August 20, 2021
Thanks to Alissa Simon, HMU Tutor, for today’s post.
I want to investigate the nature of time using three different sources: The Matrix, the recent Disney show Loki, and Jorge Luis Borges’s “Garden of Forking Paths.” Though very different, these three works embrace the concept of infinite futures. Their conceptualizations, then, allow us to explore notions of divergence, difference, and possibility.
In The Matrix, Neo notices a black cat shiver in a stairwell. A few seconds later, this same cat repeats the action that Neo had just noticed. He mentions his feeling of déjà vu to the others and they instantly realize that the matrix has been rewritten. In other words, in the matrix, déjà vu indicates when a code has been rewritten. The black cat tells the good guys that the bad guys now know their location and have set a trap. Déjà vu represents a glitch, an overlap, between the old program and the new. It is a useful indicator for those who wish to escape the matrix. This concept coincides with coding and computer programming, which is an alternate universe in itself. However, it is interesting to see that time must exist within the program as well as within the user.
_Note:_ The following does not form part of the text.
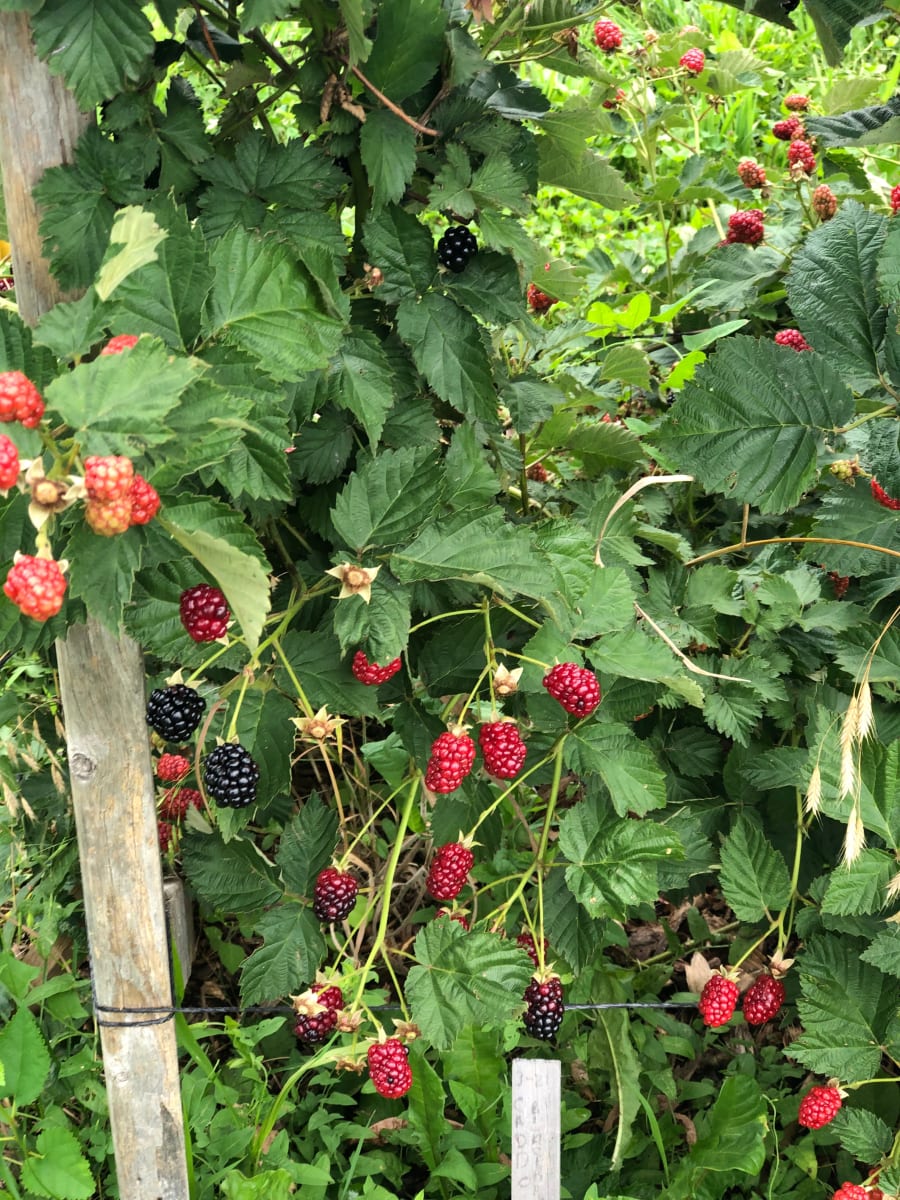 Fresh Berries -- Curds, Custards, Creams Photo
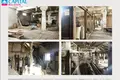 Commercial property 7 500 m² in Viskonys, Lithuania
In the Marvel movie Avengers: Endgame, Loki steals the Tesseract containing the space stone and disappears into another dimension. With this action Loki creates a divergent timeline, which is the impetus for the new Disney series Loki. In it, various Lokis appear with different powers and abilities. Often called “The God of Mischief,” Loki (as portrayed by Tom Hiddleston) is astounded to see the variety of Lokis, particularly the alligator. The show’s head writer, Michael Waldron, comments: “It’s so stupid, but it also makes total sense. You almost have to take it seriously, like maybe he is [a Loki]? Why shouldn’t there be an alligator version of Loki? For all we know, that’s an alligator universe or whatever. It’s just the sort of irreverent thing that, in this show, we play straight and make the audience take it seriously.” In this show, duplicates represent divergence. So, Loki created a new timeline and within the TVA (Time Variance Authority) walls, that is a very bad thing. TVA agents react quickly against any variants claiming that only the original version is authentic (and yes, they decide who is original and erase divergent individuals). By avoiding variations of timelines or characters, the TVA hopes to prevent a future multi-versal war. Unfortunately for Loki, once captured and within the TVA walls, he has no powers.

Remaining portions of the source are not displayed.